'''

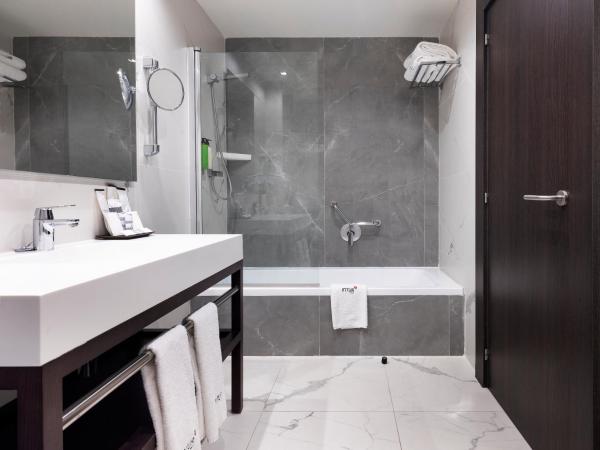 Intelier Palacio San Martin : photo 4 de la chambre chambre double ou lits jumeaux avec lit d'appoint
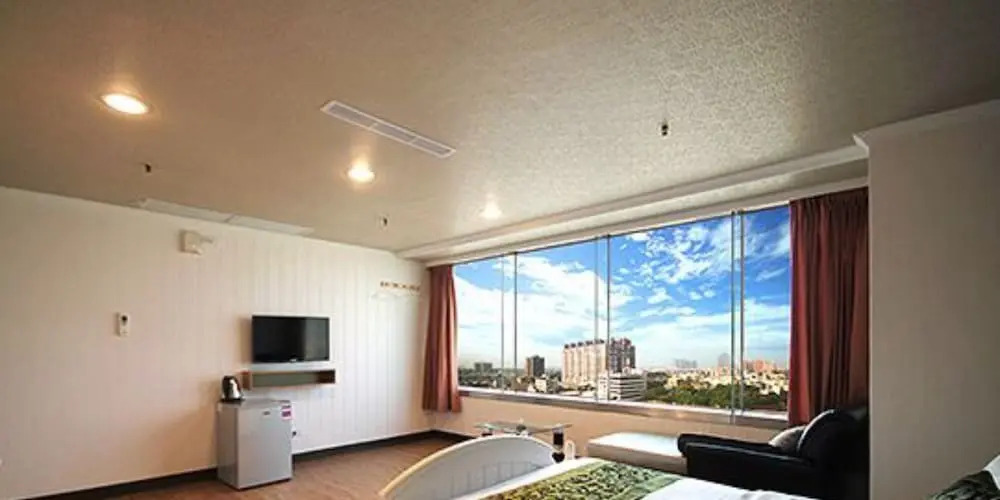 Ya Tai Hotel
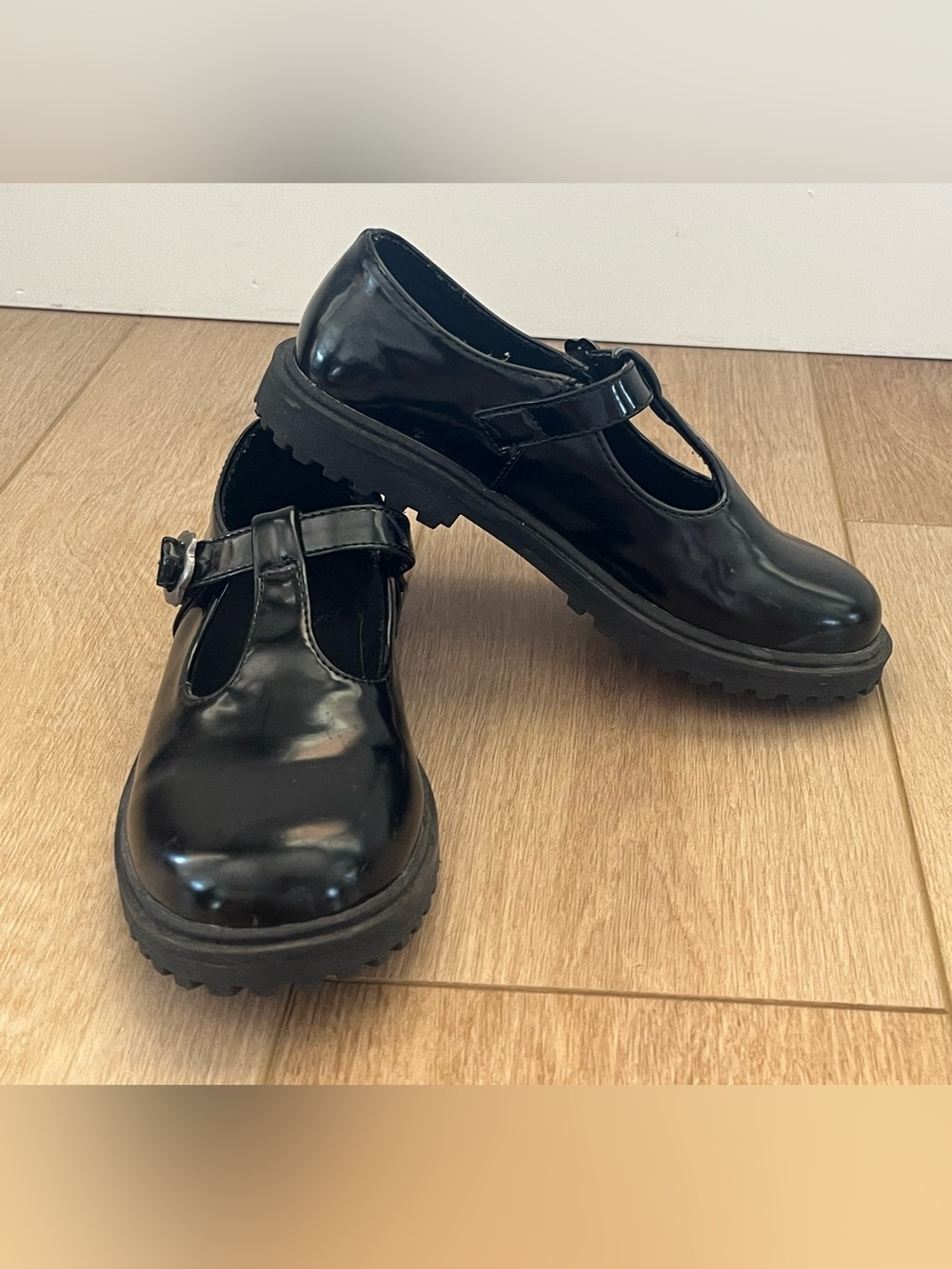 Old Navy Girls Black Patent Mary Jane Shoes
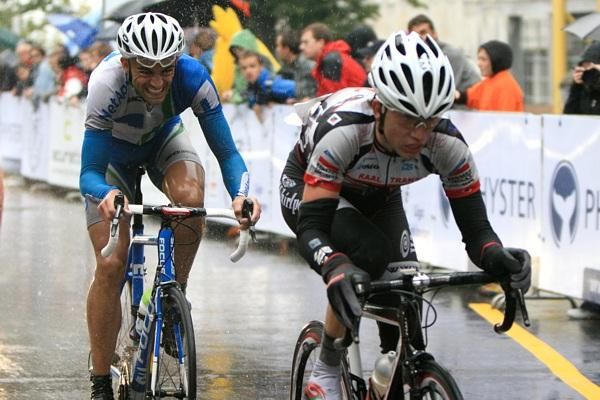 Leopold Konig (PSK Whirlpool - Author) leads Andreas Schillinger (Team Netapp).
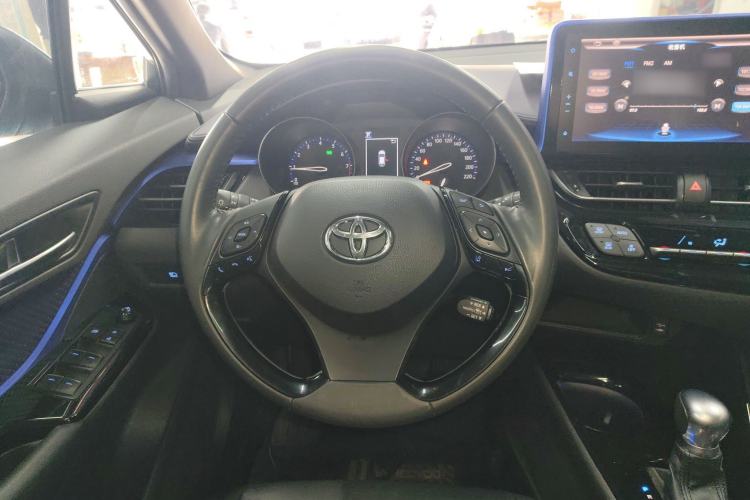 Used Toyota C-HR 2020 2.0L Luxury Edition
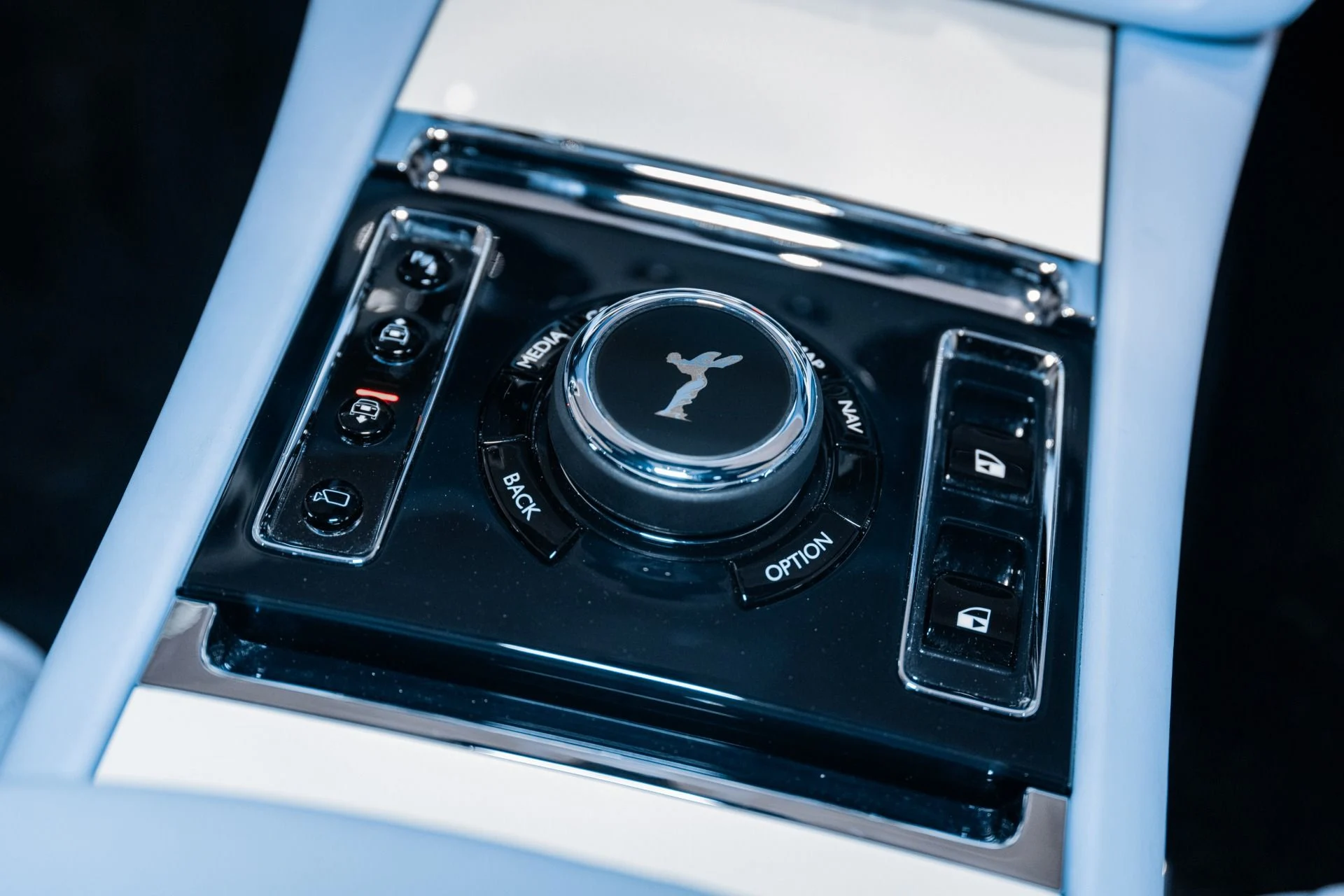 mph047_1432156576_Used_2023_Rolls_Royce_Ghost_1773457420_83aac5c375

'''

Reprint the listing above exactly, without images.

 Intelier Palacio San Martin : photo 4 de la chambre chambre double ou lits jumeaux avec lit d'appoint
 Ya Tai Hotel
 Old Navy Girls Black Patent Mary Jane Shoes
 Leopold Konig (PSK Whirlpool - Author) leads Andreas Schillinger (Team Netapp).
 Used Toyota C-HR 2020 2.0L Luxury Edition
 mph047_1432156576_Used_2023_Rolls_Royce_Ghost_1773457420_83aac5c375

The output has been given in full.